The Randall Museum in San Francisco hosts a large HO-scale model train layout. Created by the Golden Gate Model Railroad Club starting in 1961, the layout was donated to the Museum in 2015. Since then I have started automatizing trains running on the layout. I am also the layout maintainer. This blog describes various updates on the Randall project and I maintain a separate blog for all my electronics not directly related to Randall.
2018-11-11 - Stockton Passenger Station Power, ContinuedCategory Randall
The Stockton Station is certainly the most visible feature of the layout when visitors walk in the room and approach the middle of the room.
Last week, I wondered “Where does the power from the Stockton Passenger Station come from?”
Resolving that question took a full week, and was accomplished with the help of Mr. Perry who provided his extremely well detailed original schematics of the power routing to the station, which I turned into these schematics:
For a full size readable version of the schematics, please refer to the “SD+DOW” PDF in the resources pages under the schematics section.
Not only did I get the schematics, but I got to ask how the station was designed to be used. I also verified all the schematics and they still match the current layout electrical installation. Nothing significant had been changed, which is good. I redrew all the schematics using colors to identify things such as blocks & common rails continuity. I also annotated them with which DCC booster / circuit-breaker is connected today, and I added notes to help me locate the relays under the layout.
DC operation & design, as explained by Mr. Perry:
- The station is connected to the East (right side) to the mainline, or the stockton yard, or the roundhouse lead. This is the Approach East block.
- The station is connected to the West (left side) to the mainline at block B311 or the branchline via T504. This is the Approach West block.
- Tracks 1, 2, and 3 for the station are composed of 3 segments (West, Central, and East), each with a power selector: left for West approach, middle for off, and right for East approach.
- Power for West comes from:
- Block B321 if T311 is thrown to connect the station to the mainline track #2.
- Block B320 if T311 and B320 are thrown to connect the station to the mainline track #1.
- Branchline if T504 is thrown to connect the station to the branchline.
- Otherwise from a local West Power Controller (no such power supply was installed though).

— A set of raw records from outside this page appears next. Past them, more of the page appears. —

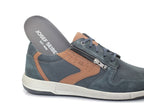 Chaussures avec zip et lacets Enrico 20 Indigo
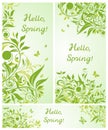 Beautiful spring floral banners Royalty Free Stock Photo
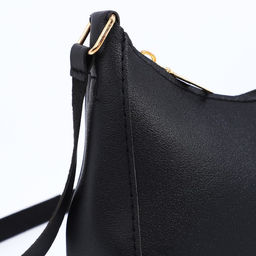 Сумка-багет на молнии, цвет чёрный - Simaland фото 4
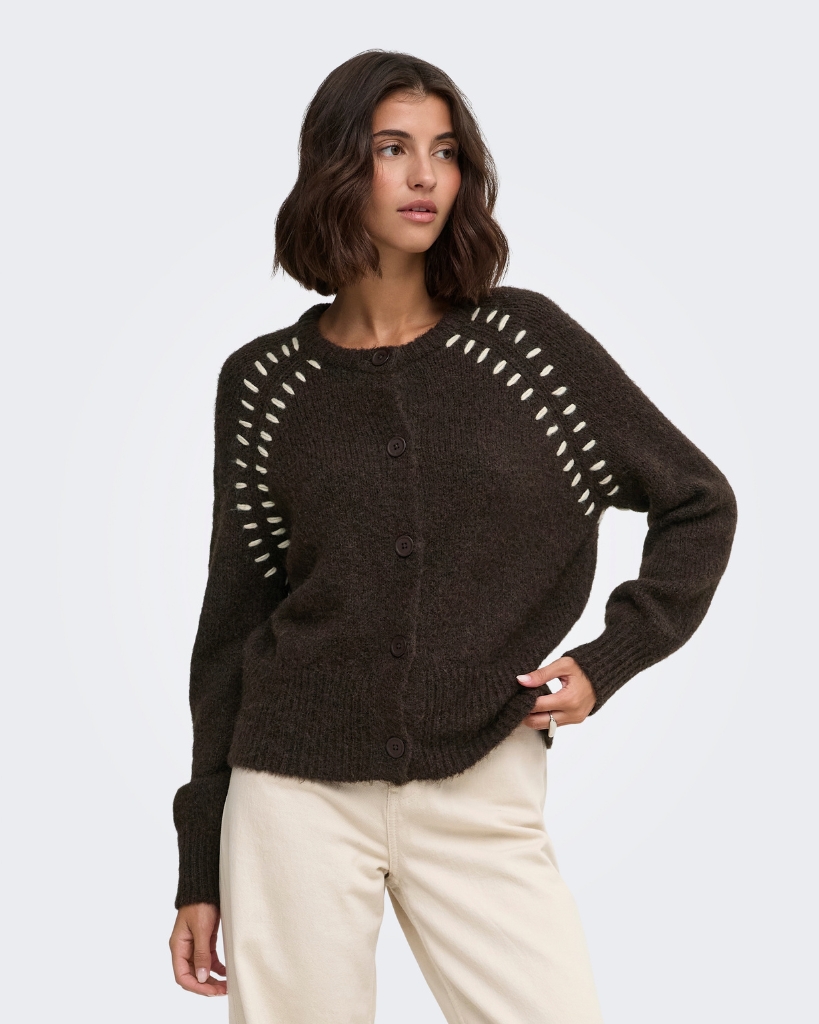JDY Zoey Ella Cardigan Brun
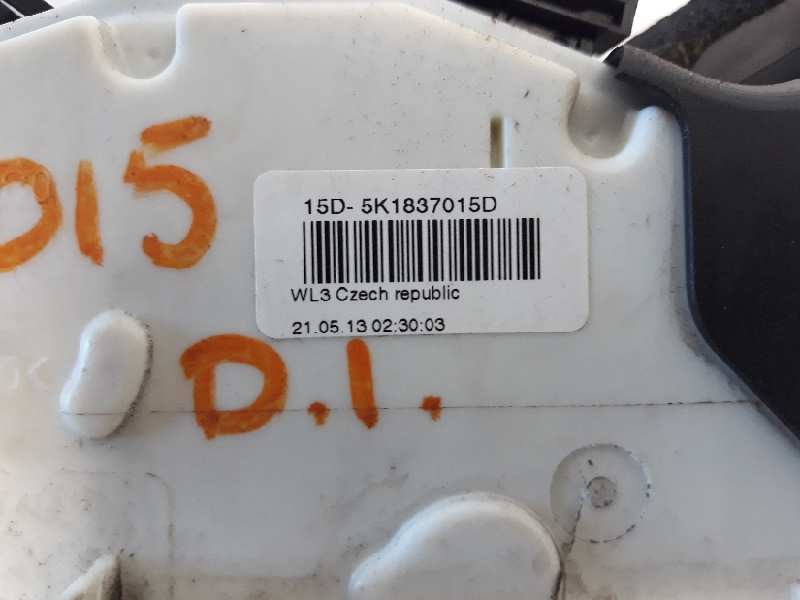 Recambio de cerradura puerta delantera izquierda para volkswagen polo (6r1) advance referencia OEM IAM 5K1837051D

- Power for East comes from:
- Block B10 when T04 is thrown, connecting the station to mainline track #1 in front of the yard.
- Block B21 when T04 and T05 are thrown, connecting the station to mainline track #2 in front of the yard.

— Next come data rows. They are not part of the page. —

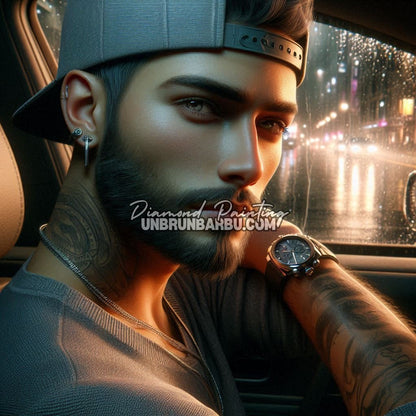 Séduction Urbaine (110cm x 110cm) - UnBrunBarbu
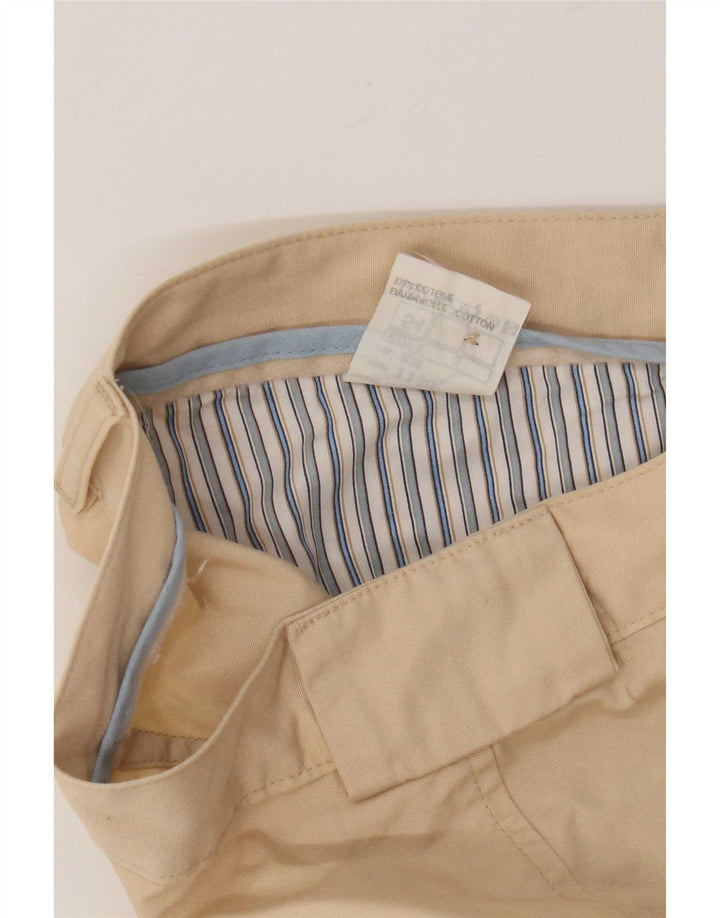 Calça Chino Masculina Mash W36 L34 Algodão Bege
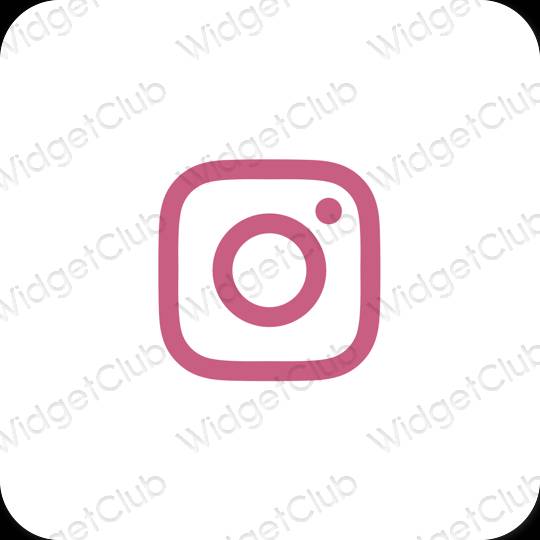 جمالية Instagram أيقونات التطبيقات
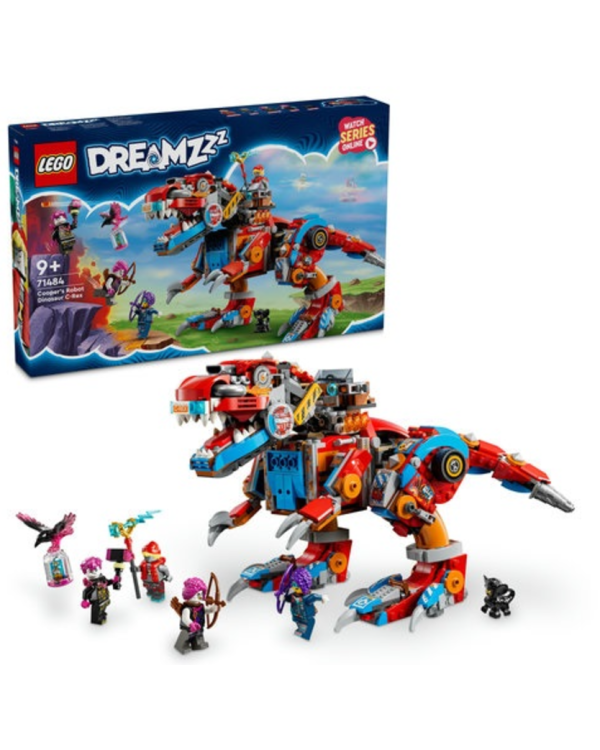 LEGO 71484 Cooper's Robot Dinosaur C-Rex Конструктор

- The Roundhouse Cab power when T604 is thrown, connecting the station to the Roundhouse Lead.
- Or the Stockton Yard power when neither of these turnouts are thrown and the STN/YD switch is set to YD.
- Or to a local East Power Controller when the STN/YD switch is set to STN, or T03 was thrown. No such power supply was installed on the layout, though, so in this case the station would have no power.

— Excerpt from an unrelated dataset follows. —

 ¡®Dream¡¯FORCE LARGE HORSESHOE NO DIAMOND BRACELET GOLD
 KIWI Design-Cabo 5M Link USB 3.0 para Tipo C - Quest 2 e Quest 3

- The 3 spurs at the top have their own power through the West Power Controller.
When the layout was powered in DCC, DCC was injected on the “right” side (East approach) and would indirectly come from either the mainline, the roundhouse or the stockton yard (by default). That’s the reason why each block power selector has a “yellow dot” on the right, to indicate this was the default setup. The inconvenience of this scheme is that the station would lose power when T03 was thrown, or the STN/YD switch was thrown to STN side.